4 Questions to Ask When Making a Big Decision

In a season where our little family is making some huge decisions that are going to affect the rest of our lives, I’m thankful that we had an intentional process that we walked through before making those big choices. I’m sharing my newest piece over at RELEVANT, about the four questions to ask when it’s time to make a big decision. Here’s the start of the article:

4 Questions to Ask When You're Making a Big Decision. This is so good!

This summer, my husband and I will pack up all of our things, strap our daughter in her car seat, and drive to a different state—a state where we currently have no jobs, no housing and no community. Why? For my husband to pursue a graduate degree.

Are we crazy, stupid or silly to be leaving established jobs, a strong community and a house we own for my husband to pursue a degree?

Maybe.

Or maybe we’re following God.

By faith, I believe we’re doing the latter—I believe that this step we are taking is actually a response of obedience to God. Still, from the perspective of those who don’t know us, our choice to move may seem ridiculous or even irresponsible.

But how we got here was anything but irresponsible; we took practical, intentional steps to make this decision to move. We sought God’s voice and direction in multiple ways by involving our church, our friends and our families in the decision-making process. And we believe that the steps that we have taken helped us discern God’s will and hear His voice in the process so that we can move to a new city this summer with confidence and hope.

It is in big decisions like these—decisions regarding calling, career, community, marriage—that we need clarity regarding how we can hear God and seek to determine His will for our lives. There are no hard-and-fast rules from the Bible regarding how we make decisions: We don’t always put fleeces outside, we don’t always fast for three days, we don’t always see a burning bush. Similarly, God does not always speak to us the same way—He can speak through multiple people, experiences and interactions.

When it’s time to make a big decision, here are four questions to ask as we seek to hear how God might be speaking through several of those avenues in our lives:

The 4 questions to ask when making a big decision... Share on X

1. What Does the Scripture Say?

While the Bible doesn’t tell us specifically to take one job over another or marry one person instead of another, the Word does have tenets that can—and should—guide these types of decisions. For example, the Bible cautions us to keep our minds fixed on “whatever is true, whatever is honorable, whatever is just, whatever is pure, whatever is lovely, whatever is commendable, if there is any excellence, if there is anything worthy of praise, think about these things” (Philippians 4:8).

Will the job that you are considering help you live a life of truth, honor and purity? Will that person you are thinking about marrying help you praise God and live a commendable life before Him? We need to keep the Word of God at the center of our discussions about the decisions in front of us—it is meant to be our plumb line and our source of wisdom and truth in all things.

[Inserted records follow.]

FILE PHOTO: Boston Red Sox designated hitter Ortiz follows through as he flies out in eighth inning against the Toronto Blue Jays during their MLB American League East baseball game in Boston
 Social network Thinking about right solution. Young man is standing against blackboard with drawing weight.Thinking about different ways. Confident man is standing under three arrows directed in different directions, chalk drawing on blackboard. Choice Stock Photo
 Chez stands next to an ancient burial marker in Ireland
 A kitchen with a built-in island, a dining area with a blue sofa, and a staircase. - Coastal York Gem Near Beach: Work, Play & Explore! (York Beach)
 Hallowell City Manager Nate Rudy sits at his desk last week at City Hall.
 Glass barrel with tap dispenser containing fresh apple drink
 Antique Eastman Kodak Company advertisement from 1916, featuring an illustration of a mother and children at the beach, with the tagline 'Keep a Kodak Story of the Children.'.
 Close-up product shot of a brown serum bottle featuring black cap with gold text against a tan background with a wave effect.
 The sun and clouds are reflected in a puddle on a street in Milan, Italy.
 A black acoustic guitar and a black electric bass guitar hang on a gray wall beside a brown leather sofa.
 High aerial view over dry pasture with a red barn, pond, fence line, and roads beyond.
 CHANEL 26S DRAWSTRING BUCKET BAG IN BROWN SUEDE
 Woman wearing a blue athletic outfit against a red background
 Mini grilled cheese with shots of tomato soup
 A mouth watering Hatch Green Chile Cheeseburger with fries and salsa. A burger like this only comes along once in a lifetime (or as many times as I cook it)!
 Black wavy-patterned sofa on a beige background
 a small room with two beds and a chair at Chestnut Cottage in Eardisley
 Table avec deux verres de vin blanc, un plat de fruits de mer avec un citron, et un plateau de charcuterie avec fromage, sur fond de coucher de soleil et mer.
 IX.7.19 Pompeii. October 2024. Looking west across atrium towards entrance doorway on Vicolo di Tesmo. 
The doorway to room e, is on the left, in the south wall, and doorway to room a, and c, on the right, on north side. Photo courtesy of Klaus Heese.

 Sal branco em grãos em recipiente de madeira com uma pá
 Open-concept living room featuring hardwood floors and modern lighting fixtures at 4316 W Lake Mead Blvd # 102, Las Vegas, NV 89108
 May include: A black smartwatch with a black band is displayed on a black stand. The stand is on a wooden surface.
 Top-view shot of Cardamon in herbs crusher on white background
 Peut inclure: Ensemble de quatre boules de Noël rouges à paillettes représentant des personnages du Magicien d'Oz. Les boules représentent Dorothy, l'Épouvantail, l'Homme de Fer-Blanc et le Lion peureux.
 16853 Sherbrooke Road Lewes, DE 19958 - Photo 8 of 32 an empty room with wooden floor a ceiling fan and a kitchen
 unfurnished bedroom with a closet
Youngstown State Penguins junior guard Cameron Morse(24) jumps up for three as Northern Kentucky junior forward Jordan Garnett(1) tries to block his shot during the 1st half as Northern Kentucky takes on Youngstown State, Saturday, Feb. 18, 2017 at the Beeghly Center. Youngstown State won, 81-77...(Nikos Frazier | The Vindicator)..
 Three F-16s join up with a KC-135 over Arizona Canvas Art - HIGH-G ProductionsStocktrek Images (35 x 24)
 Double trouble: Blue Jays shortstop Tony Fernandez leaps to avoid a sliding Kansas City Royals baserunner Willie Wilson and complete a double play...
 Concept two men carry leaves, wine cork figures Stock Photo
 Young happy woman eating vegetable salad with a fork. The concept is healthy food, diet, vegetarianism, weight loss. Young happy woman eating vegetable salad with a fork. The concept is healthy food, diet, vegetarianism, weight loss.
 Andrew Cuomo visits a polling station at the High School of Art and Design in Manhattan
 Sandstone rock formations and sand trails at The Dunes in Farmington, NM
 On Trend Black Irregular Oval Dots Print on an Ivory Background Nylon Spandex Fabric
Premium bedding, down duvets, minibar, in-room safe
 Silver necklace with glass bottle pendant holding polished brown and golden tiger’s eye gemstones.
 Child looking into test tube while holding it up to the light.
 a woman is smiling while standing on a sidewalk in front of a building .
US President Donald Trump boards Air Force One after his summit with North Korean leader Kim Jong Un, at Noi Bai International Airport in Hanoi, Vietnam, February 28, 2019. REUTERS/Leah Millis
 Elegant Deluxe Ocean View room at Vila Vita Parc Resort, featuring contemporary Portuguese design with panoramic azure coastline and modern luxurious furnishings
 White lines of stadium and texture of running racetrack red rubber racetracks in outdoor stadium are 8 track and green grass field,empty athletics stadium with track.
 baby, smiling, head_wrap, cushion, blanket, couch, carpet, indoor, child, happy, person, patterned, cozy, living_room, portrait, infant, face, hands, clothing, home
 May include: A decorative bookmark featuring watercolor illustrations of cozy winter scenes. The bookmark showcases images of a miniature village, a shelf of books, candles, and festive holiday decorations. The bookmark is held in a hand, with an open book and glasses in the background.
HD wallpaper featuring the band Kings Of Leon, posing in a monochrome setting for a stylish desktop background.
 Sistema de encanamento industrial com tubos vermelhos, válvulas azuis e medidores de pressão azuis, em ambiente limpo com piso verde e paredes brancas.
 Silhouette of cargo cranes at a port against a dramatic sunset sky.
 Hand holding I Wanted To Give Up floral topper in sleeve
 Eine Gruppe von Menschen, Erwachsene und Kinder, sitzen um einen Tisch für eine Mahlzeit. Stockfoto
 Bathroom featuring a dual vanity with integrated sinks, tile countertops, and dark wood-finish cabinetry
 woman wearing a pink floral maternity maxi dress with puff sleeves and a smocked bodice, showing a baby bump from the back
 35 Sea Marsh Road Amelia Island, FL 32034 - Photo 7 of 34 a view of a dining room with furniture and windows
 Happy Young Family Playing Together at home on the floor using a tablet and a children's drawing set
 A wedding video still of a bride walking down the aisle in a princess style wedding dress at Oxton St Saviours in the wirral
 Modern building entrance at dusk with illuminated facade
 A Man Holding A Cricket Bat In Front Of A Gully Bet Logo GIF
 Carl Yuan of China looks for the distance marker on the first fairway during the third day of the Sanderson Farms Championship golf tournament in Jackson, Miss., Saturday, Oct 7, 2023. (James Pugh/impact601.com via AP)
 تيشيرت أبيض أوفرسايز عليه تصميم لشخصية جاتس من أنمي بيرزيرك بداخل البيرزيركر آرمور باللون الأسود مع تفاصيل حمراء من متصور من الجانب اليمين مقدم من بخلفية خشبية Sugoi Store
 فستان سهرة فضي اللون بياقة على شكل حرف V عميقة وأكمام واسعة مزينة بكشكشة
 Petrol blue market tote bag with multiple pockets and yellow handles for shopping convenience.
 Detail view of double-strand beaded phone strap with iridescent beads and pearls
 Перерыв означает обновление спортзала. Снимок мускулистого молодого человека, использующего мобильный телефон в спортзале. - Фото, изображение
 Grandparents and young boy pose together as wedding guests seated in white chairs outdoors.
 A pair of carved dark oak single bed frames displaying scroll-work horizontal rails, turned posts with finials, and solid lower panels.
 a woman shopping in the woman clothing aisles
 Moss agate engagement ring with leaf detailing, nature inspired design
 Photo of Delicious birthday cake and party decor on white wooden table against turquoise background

2. What Does Our Community Say?

As Christians, we are meant to live in a broader community of fellow believers whom we worship with, spend time with and do the work of the Kingdom with. In all of its various permutations around the world, this is Church—all of us with various gifts and abilities that build up the body of Christ (1 Corinthians 12).

Those around us who are fellow believers carry the Spirit of Christ within them, and they can often see our lives, personalities and tendencies more clearly than we can see them in ourselves. We need to invite others into our decision-making process, prodding them to ask the tough questions we shy away from—questions about motivation and calling. We also need them to offer encouraging words when they sense that we are moving in the right direction.

We need to invite others into our decision-making processes... Share on X

If your close community senses health in your dating relationship, ask your friends if they think marriage with your significant other would be wise—and then also ask why. If you are considering pursuing a degree in hotel management, ask your close friends if they see the skills and gifts in you that would enable you to do that job well. To receive their feedback will require humility, and it may also protect us from unwise decisions.

3. What Does Our Leadership Say?

Churches have leadership structures, whether formal or informal. And while leaders are fallible and sinful, just as anyone is, they have been charged by God to “equip the saints for the work of ministry” (Ephesians 4:12). Their role is to help us develop into men and women who are able to carry out the work of the Gospel and to proclaim the Good News that Christ came to save sinners.

Ideally, our leaders know us and can affirm God’s call on our lives, and can bless us and send us out into new endeavors. Talking with a trusted leader about the decision we are seeking to make can often (but not always) lead to a fuller insight regarding our role in the larger body of Christ, and that can help us to see the decision before us in a clearer light.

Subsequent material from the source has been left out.